Either of those scenarios, along with variations too numerous to mention, could apply to President Clinton and Monica Lewinsky. My hunch as to which is more likely to be true is like my hunch about Sunday’s Super Bowl--I don’t know which way to bet.

Advertisement

But just as with the Super Bowl, bombs will fill the air fairly soon. If it turns out that, at minimum, the president had a sexual relationship during the last couple years with Lewinsky, now 24, when she was a White House intern, some serious national gnashing will ensue. And if the story advances to the next level--that Clinton or an emissary encouraged Lewinsky to lie under oath about the affair--then we’re talking about a national referendum on Clinton’s suitability for office.

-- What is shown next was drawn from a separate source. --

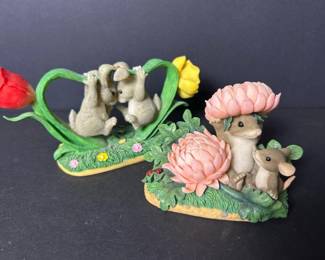 189 twocharmingtailsfigurinesbunnybuddi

It’s a referendum the American public loathes. Excepting the self-proclaimed moral absolutists among us, the country doesn’t like to grapple with questions of sexual propriety or behavior. It’s a debate littered with all kinds of opportunities to be hypocritical, illogical and unresolved.

If President Clinton had an affair with Ms. Lewinsky, most of us would agree it’s inappropriate, but then what? What is the proper punishment for such presidential behavior, given that Clinton already is verging on three-strikes territory?

The conundrum: Here’s a man who has a handle on his job. No one can argue that anything, including alleged sexual affairs, is keeping Clinton from his appointed rounds as president. He’s as conversant on virtually any issue as any president we’ve seen. By most of the historic measures of presidential success, he is one.

But what about the President’s PMQ (Private Morality Quotient)?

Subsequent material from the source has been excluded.